A Espanha assumiu a presidência rotativa da União Europeia em janeiro de 2010 com o desafio de contribuir neste semestre na implementação com êxito do Tratado de Lisboa, que os chefes de Estado e de governo dos 27 países membros da União Européia aprovaram em 19 de outubro e assinaram em 13 de dezembro, no segundo semestre de 2007, quando Portugal estava na presidência rotativa da União Europeia. Após um longo e até certo ponto incerto processo de ratificação por todos os 27 países, o tratado entrou em vigor em 1o de dezembro de 2009 em cerimônia realizada em Lisboa. O Tratado de Lisboa, que altera os Tratados de Roma e de Maastricht, manteve a presidência por turnos semestrais por país, mas instituiu com um mandato de dois anos e meio o cargo de presidente do Conselho Europeu, que é ocupado pelo belga Herman van Rompuy. Ademais, o tratado estabeleceu o Alto Representante para os Negócios Estrangeiros e a Política de Segurança, que agora está a cargo da britânica Catherine Ashton, e fortaleceu a atuação de parlamentares europeus. Assim, o espanhol José Luis Rodríguez Zapatero terá que trabalhar em conjunto com novas e poderosas lideranças, além de interagir com o português José Manuel Durão Barroso em um renovado mandato no importantíssimo cargo de presidente da Comissão Européia.

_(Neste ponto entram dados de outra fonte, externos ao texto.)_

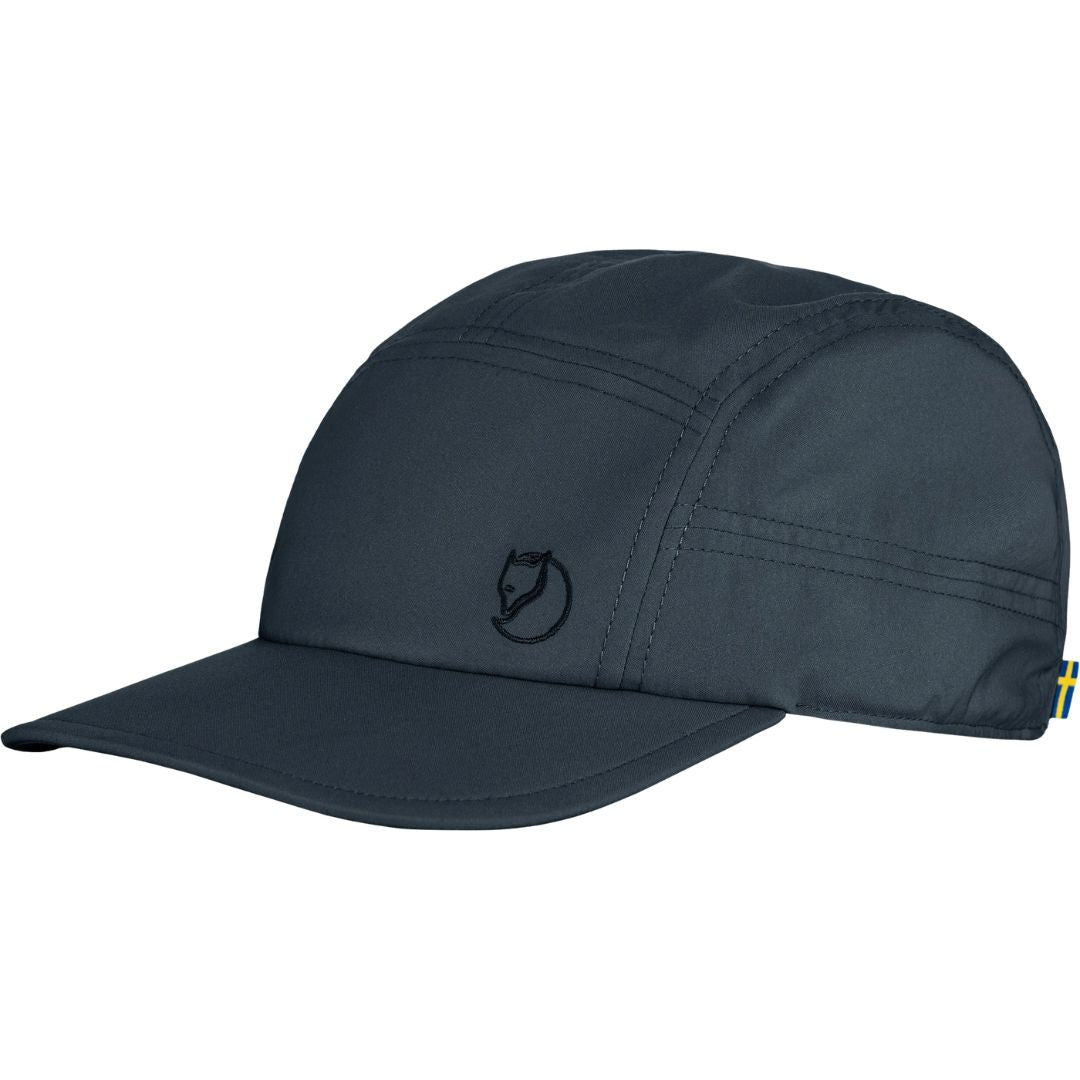 Gorra Fjällräven Abisko Hike Lite Cap color dark navy vista lateral con visera flexible, logo bordado frontal y tejido transpirable de secado rápido.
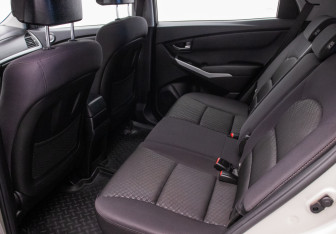 Подержанный автомобиль SsangYong Actyon 2014 года (11 фото)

Nesta consolidação da União Europeia desempenham portanto um papel de destaque personalidades dos dois países ibéricos que entraram juntos em janeiro de 1986 na então Comunidade Econômica Europeia e que devido a circunstâncias históricas em 1580 ficaram unidos durante 60 anos. No início, aquela convivência foi aparentemente respeitosa. Todavia, a chamada União Ibérica chegou ao fim quando os portugueses se revoltaram contra a crescente e excessiva centralização dos monarcas castelhanos Filipe III e Filipe IV, que desrespeitaram portanto um juramento feito em Tomar em 1581 pelo Rei Filipe II, que prometera uma diferenciada autonomia política e administrativa ao Reino de Portugal. A revolta eclodiu em Lisboa em 1 de dezembro de 1640, quando D.João IV da Casa de Bragança passou a ser o Rei de Portugal e a data passou a ser conhecida como Dia da Restauração. Aquela data, que marcou uma ruptura ibérica e que definiu um feriado nacional em Portugal, agora pode vir a simbolizar o aprofundamento da União Europeia ao lembrar a entrada em vigor do Tratado de Lisboa.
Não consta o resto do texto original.